Scientists already knew that the cuttlefish has pigmented organs called chromatophores, which allow the creature to change its color to blend into its environment (and thus evade predators). But there was still plenty about the process of cuttlefish instantly changing color and pattern that eluded scientists. What the Harvard researchers discovered was that in addition to the pigmented chromatophores, cuttlefish change skin color using two other components: the iridophore, a reflector made up of thin films, and the leucophore, a light scatterer that uniformly spreads light across the visual spectrum.
"Chromatophores were previously considered to be pigmentary organs that acted simply as selective color filters," said study author Leila F. Deravi. "But our results suggest that they play a more complex role; they contain luminescent protein nanostructures that enable the cuttlefish to make quick and elaborate changes in its skin pigmentation."

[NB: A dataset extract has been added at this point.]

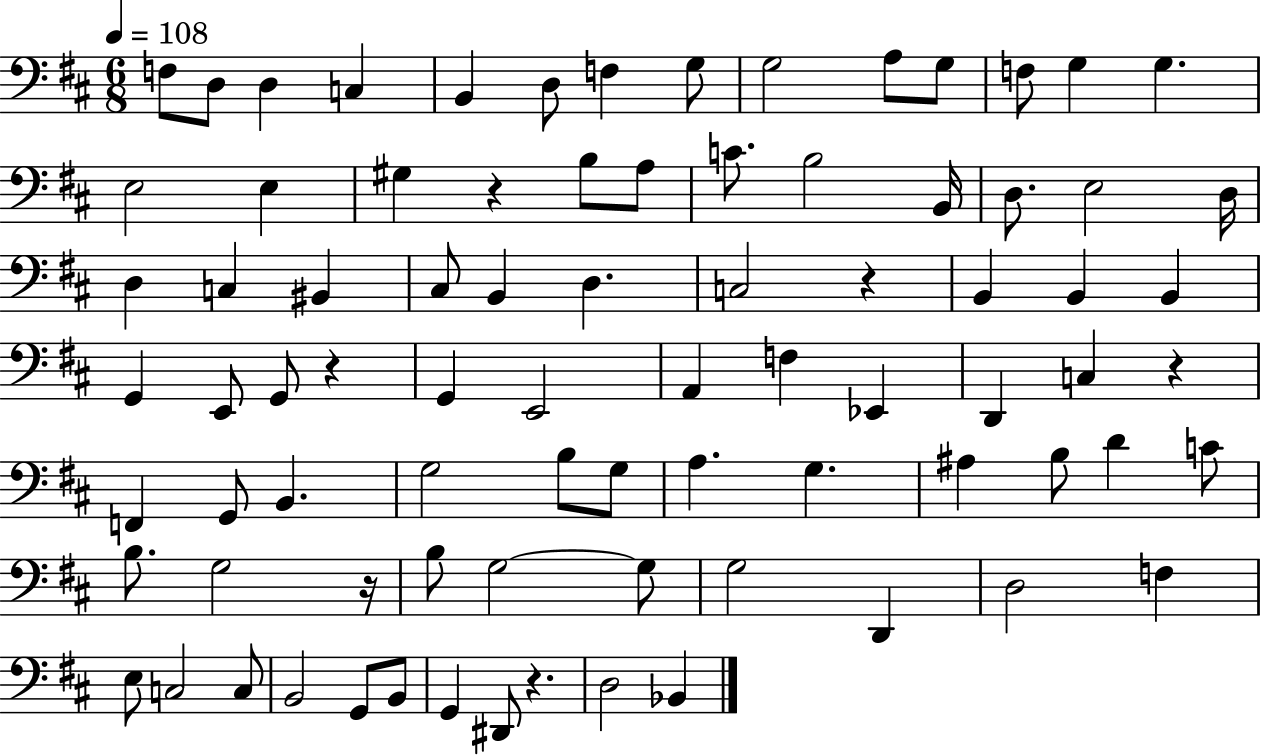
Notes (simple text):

F3/e D3/e D3/q C3/q B2/q D3/e F3/q G3/e G3/h A3/e G3/e F3/e G3/q G3/q. E3/h E3/q G#3/q R/q B3/e A3/e C4/e. B3/h B2/s D3/e. E3/h D3/s D3/q C3/q BIS2/q C#3/e B2/q D3/q. C3/h R/q B2/q B2/q B2/q G2/q E2/e G2/e R/q G2/q E2/h A2/q F3/q Eb2/q D2/q C3/q R/q F2/q G2/e B2/q. G3/h B3/e G3/e A3/q. G3/q. A#3/q B3/e D4/q C4/e B3/e. G3/h R/s B3/e G3/h G3/e G3/h D2/q D3/h F3/q E3/e C3/h C3/e B2/h G2/e B2/e G2/q D#2/e R/q. D3/h Bb2/q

When a cuttlefish shifts its color and pattern, each chromatophore expands, with a change in surface area of up to a whopping 500 percent. That's one of the most challenging parts of adapting this important cuttlefish mechanism into any potential military or consumer electronic use, according to coauthor Evelyn Hu. It's not possible, at least right now, to create textile or cell phone materials that can expand 500 times in area.
"Throughout history, people have dreamed of having an 'invisible suit,'" said Parker, an Army reservist who completed two tours of duty in Afghanistan and knows the danger of not blending in on the battelfield. "Nature solved that problem, and now it's up to us to replicate this genius, so, like the cuttlefish, we can avoid our predators."
Cuttlefish have one of the biggest brain-to-body ratios among mammals, which comes as no surprise considering their incredible, and incredibly complex, color-changing skills. The process "takes a very sophisticated brain," explains study coauthor Roger Hanlon of the Marine Biological Laboratory in Woods Hole, Mass., in the video below. "There are up to 20 million of these chromatophore pigment cells in the skin, and to control 20 million of anything is going to take a lot of processing power."
The great irony of the cuttlefish's chameleon qualities? The creature is colorblind.